In Walker's words, “The fluttering of leaves in the wind, the ripples of water in a stream, the boiling of clouds over a mountain range, the intricate N-body ballet of stars orbiting the centre of mass of galaxy, all have no storage apart from their instantaneous analogue state space–they have no way to store and retrieve information in a robust and reliable digital form. Hence … these are not universal computations. They may be chaotic and unpredictable, but they can't be used in any manner to emulate any other computation, and therefore cannot be said to be equivalent to other computations or universal.”

[This shows a glass stomach made by artist Kiki Smith, part of her cool show at SFMOMA.]

I think it’s an interesting and suggestive argument, but I don't really think it's absolutely true.

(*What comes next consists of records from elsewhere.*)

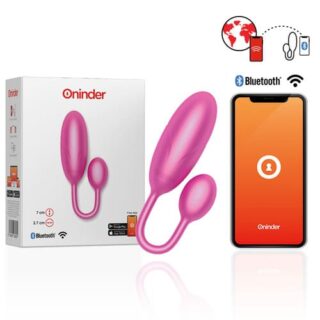 Huevo vibrador con APP Denver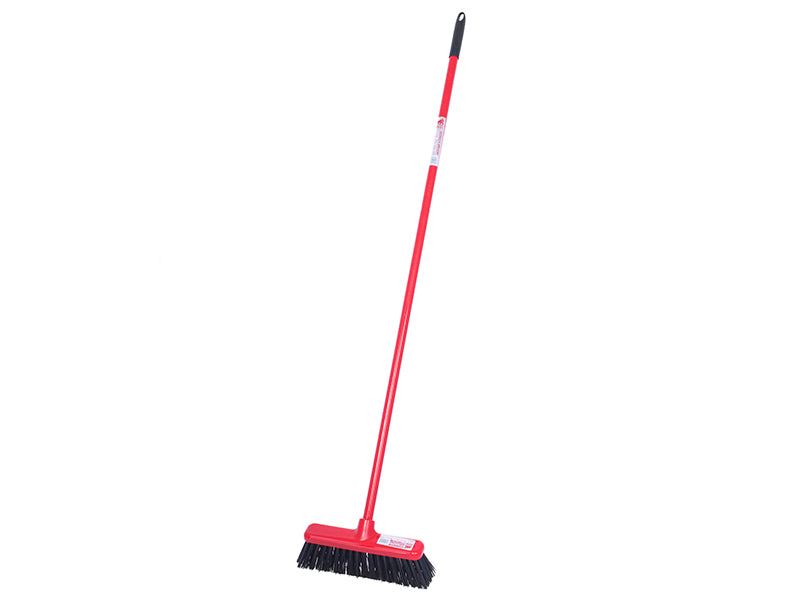 Complete Gorilla Broom® Red 300mm (12in)                                        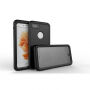 Husă impermeabilă pentru scufundări până la adâncimea de 3 m, pentru iPhone 8 Plus / 7 Plus - negru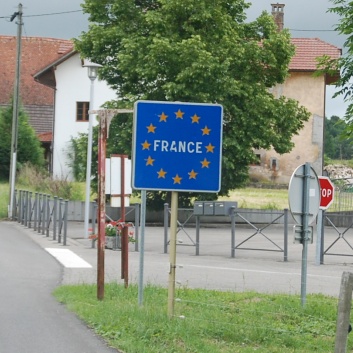 Mittelspitze von der Rosteige im Elsass 2012 - 38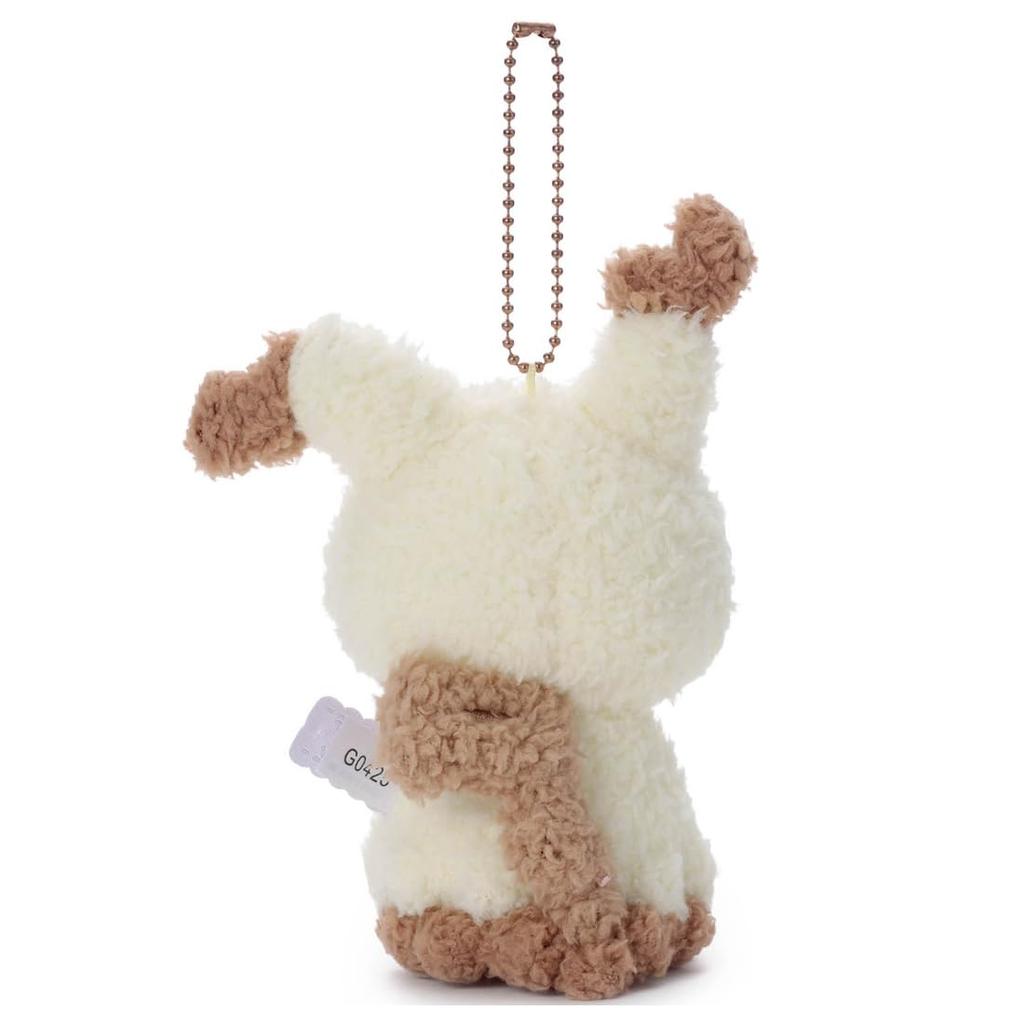 Takara Tomy Arts Pokemon Poke Piece Plush Toy Ball Chain Mascot Mimikkyu Plush Approximately 14cm Tall (TAKARATOMY A.R.T.S) Toy,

I tend to think that, e.g., sunspots could be alive, and reproduce, and eat each other, and even behave adaptively (as in Frek and the Elixir). But maybe in those sunspot tubes, there were certain long-lived vortex knot patterns functioning as a digital storage form, in which case Walker would still be on safe ground.

This picture, taken at one of my favorite resting spots in Yerba Buena Gardens in SF the other day, has several interesting features. The couple might be my characters Kittie and Sonic. I like the hairstyle of using enough gel to digitize your hair into a small number of distinct peaks. Check out the cool skull that the guy has hand-painted onto his wool suit jacket

And note the bumps of water meandering back and forth at the lip of the waterfall. I see these bumps as a class-four computation. And it seems like you could make them universal (assuming you idealized to make the waterfall arbitrarily wide) by forcing some bump pattern in and watching what happens. It's just a matter of emulation, innit? So I think you can have universality without digital storage, at least not in an obvious form. Although here, again, the info can be viewed as stored in the form of glider-like patterns of wave-bumps moving left and right.

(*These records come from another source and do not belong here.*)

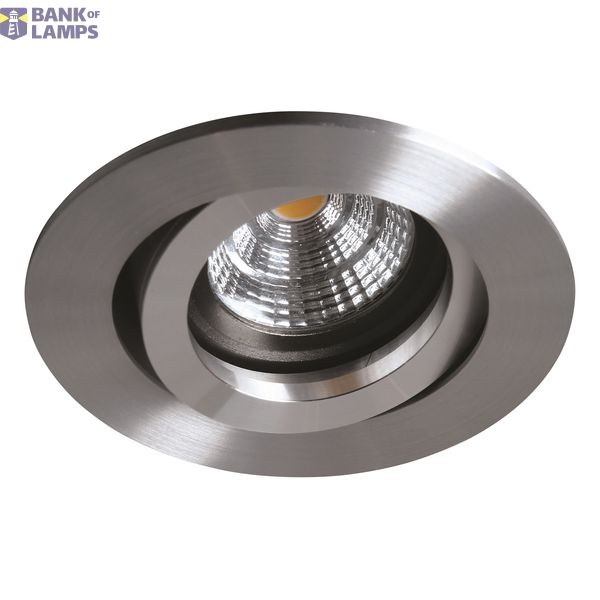 ALUMINIUM ADJUSTABLE GU10 10W image 1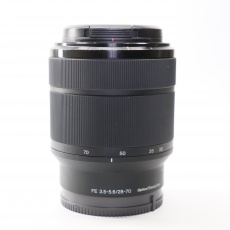 Used Sony FE 28-70mm f3.5-5.6 OSS Zoom lens Used Sony FE 28-70mm f3.5-5.6 OSS Zoom lens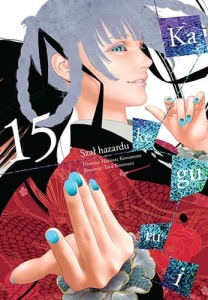 Kakegurui (Szał hazardu) 15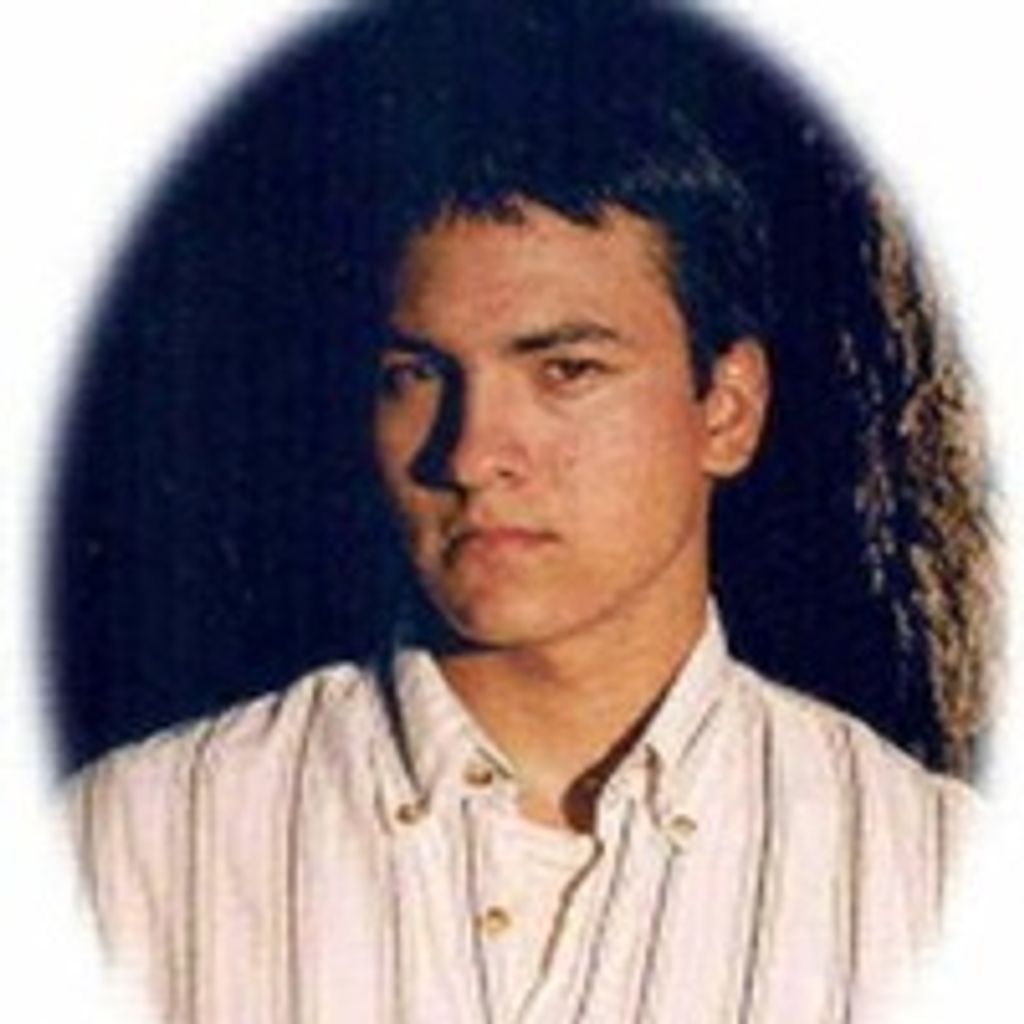 Christopher Paul Badwound
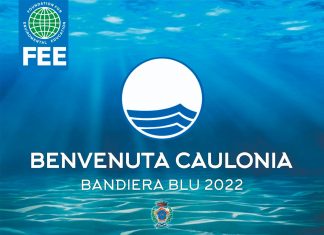 Caulonia Bandiera Blu 2022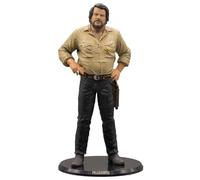 BUD SPENCER Niño - Escena de la película lo llamaban trinita' - Estatua de colección de PVC - escala 1/12 - Altura 16 cm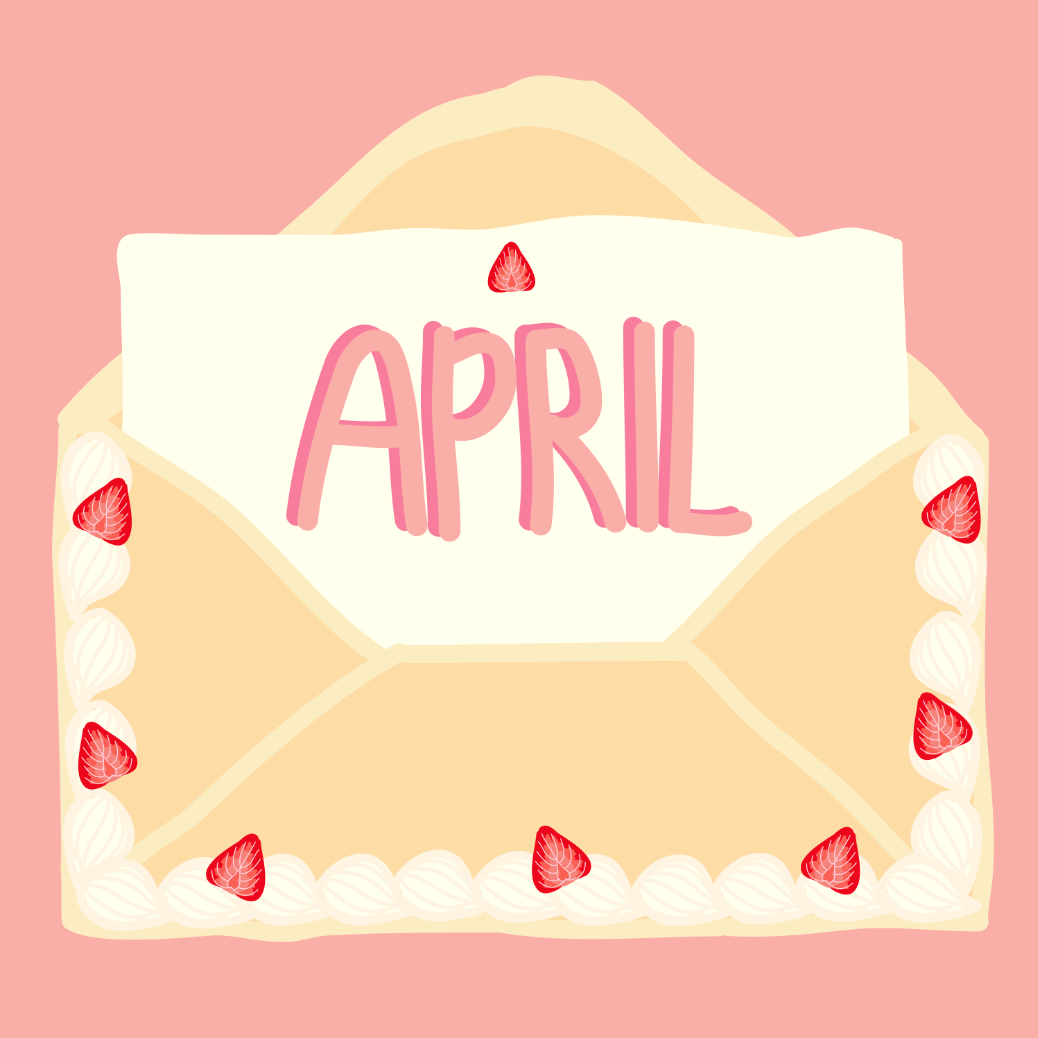 April
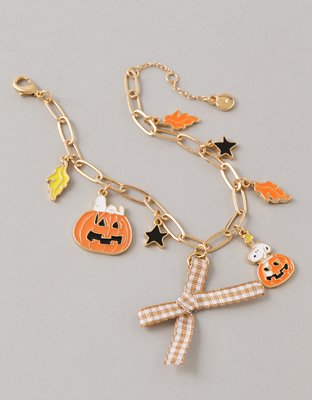 AE Snoopy Fall Charm Bracelet from American Eagle - $12.95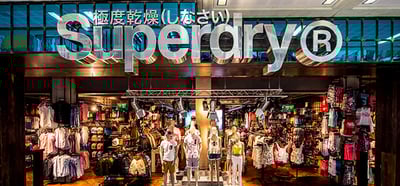 Superdry nShift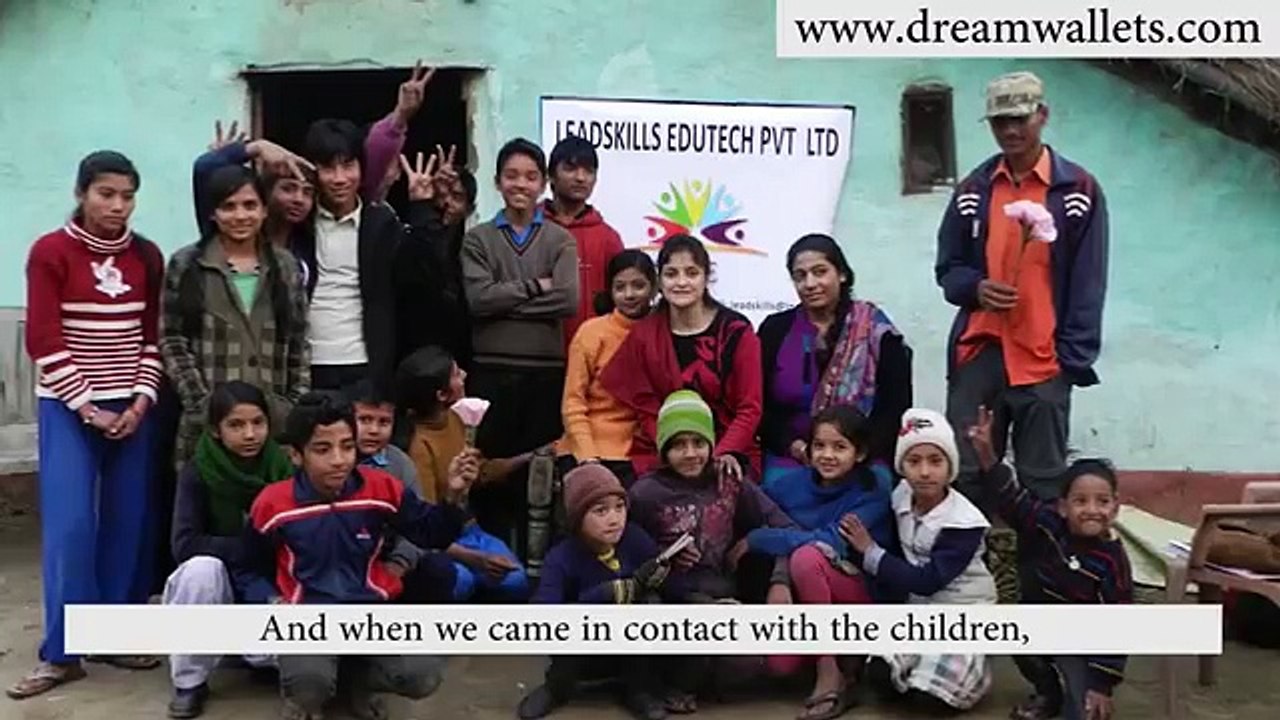 Vatsal - Water for All in Ringora Village near Jim Corbett National Park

Looking ahead, I’d like to think of the beezies as migrating out of the web and into the actual paracomputation of the world. Whether or not Walker is right in an absolute sense, he’s certainly right in the more limited sense that the computational speed and power of a natural process could be improved by somehow integrating RAM. I’m thinking of some string-theory method of attaching a little bit of RAM-brane to, like, streams and clouds. Animism made real.

[Totally gnarly piece by Kiki Smith called “Tale.” Funny for a novelist to see; thinking of how one crawls along, eating one’s way through life, extruding the long tale. But — ugh. Gotta hand it to women, they really can be gnarlier than men!]

Of course my all-purpose Presidential villian Dick Too Dodd (known as Joe Doakes in Mathematicians in Love) will want to damp all of this down. He claims he’s for a return to the old pre-orphidnet ways, but really, he wants to smash Earth into a Dyson Sphere of computronium where he can reign as a God.

As my character Kittie might put it, “Capitalists want people to be like sheep, and easy to fleece. Therefore they are against personal freedom, against quirky indigenous cultures, against self-expression, and against any non-goal-directed education. They want mass mind they can mass process. Like firm, tasteless, easy-to-harvest tomatoes.”